Tras las elecciones legislativas, se esperaba una leve reorganización técnica del ejecutivo, de acuerdo con la tradición francesa y con la realidad de que todos los ministros habían salido diputados. Pero Macron ha tenido que lidiar una auténtica crisis política, por la dimisión forzada de Richard Ferrand, ministro de cohesión territorial, y firme apoyo del presidente en su reciente campaña. Poco después de su nombramiento, se hicieron públicos affaires diversos previos. A esta se ha añadido luego la del ministro de justicia, François Bayrou, junto con otros de su MoDem (movimiento democrático), implicados también, según parece, en el fraude de los asistentes parlamentarios en la Eurocámara. Aparte de su decidido apoyo a Macron desde comienzos de año, a Bayrou le correspondía defender como ministro de justicia el proyecto de ley para la moralización de la política y la restauración de la confianza de los ciudadanos en la acción pública. Su continuidad resultaba de todo punto imposible.
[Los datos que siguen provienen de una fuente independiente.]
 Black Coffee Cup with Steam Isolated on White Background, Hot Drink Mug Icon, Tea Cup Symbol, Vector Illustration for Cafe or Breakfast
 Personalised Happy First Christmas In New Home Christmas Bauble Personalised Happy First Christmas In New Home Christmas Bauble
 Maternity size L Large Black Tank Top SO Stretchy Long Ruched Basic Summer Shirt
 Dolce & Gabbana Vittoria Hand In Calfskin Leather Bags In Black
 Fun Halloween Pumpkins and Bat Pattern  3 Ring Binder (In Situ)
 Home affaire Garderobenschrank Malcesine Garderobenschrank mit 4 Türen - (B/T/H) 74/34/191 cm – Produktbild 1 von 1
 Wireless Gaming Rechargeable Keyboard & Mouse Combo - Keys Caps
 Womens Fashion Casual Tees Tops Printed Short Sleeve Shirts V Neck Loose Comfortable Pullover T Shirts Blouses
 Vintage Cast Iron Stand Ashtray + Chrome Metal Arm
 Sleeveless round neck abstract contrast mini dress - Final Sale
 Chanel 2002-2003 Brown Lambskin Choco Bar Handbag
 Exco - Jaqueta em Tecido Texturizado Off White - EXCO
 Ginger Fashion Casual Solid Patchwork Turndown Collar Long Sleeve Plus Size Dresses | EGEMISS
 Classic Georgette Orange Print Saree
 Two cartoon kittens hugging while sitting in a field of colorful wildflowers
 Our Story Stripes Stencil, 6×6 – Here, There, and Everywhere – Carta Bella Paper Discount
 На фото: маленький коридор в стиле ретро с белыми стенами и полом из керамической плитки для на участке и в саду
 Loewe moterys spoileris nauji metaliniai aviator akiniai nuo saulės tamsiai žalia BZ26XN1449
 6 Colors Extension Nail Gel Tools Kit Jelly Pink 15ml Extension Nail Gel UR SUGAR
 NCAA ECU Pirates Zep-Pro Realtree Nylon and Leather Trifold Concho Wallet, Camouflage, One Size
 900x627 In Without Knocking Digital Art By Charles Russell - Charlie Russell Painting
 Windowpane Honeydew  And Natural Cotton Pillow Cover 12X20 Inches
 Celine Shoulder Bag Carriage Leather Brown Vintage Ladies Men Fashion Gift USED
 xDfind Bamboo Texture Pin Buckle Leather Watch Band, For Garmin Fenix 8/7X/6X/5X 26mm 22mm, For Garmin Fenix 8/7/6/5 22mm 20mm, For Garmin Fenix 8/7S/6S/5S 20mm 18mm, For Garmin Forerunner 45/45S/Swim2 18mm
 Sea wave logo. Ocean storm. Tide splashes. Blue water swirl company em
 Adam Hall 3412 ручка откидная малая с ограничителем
Por aquellos días de 2013, una encuesta de Ipsos para Publicis, en la que se escuchó a más de seis mil europeos, reflejó cifras alarmantes, no sólo sobre la inquietud ante la corrupción sino, sobre todo, sobre la falta de soluciones por parte de los gobiernos: sólo el 21% confiaba en el de Francia; 19% en España; 15% en Italia; frente al 45% en Alemania. Hoy esa percepción ciudadana, aunque no disponga de datos de sondeos recientes, ha debido de cambiar radicalmente con la enérgica actitud de Emmanuel Macron.

La reacción del presidente francés y de sus ministros parece confirmar la influencia del modelo sueco en el próximo quinquenato. No vendría nada mal algo de eso por estos pagos, donde la ley del embudo campa por sus fueros. No sé si debió dimitir o no el fiscal anticorrupción –institución, por cierto, que me ha parecido contraproducente desde su creación, y los hechos no desmienten cuanto escribí en su día-, pero resulta inaceptable que algunos que le criticaron ácidamente defiendan ahora a correligionarios, no ya con poca estética, sino imputados jurisdiccionalmente. No lo están -al menos por ahora- ninguno de los cuatro ministros sustituidos en Francia. Pero el presidente de la República parece dispuesto a provocar o aceptar las dimisiones, aunque sin cortar por lo sano: al menos dos de los salientes del ejecutivo ocuparán puestos de relieve en la Asamblea Nacional. No parece muy lógico: confirma que la lucha contra la corrupción se resiste a recetas y simplismos.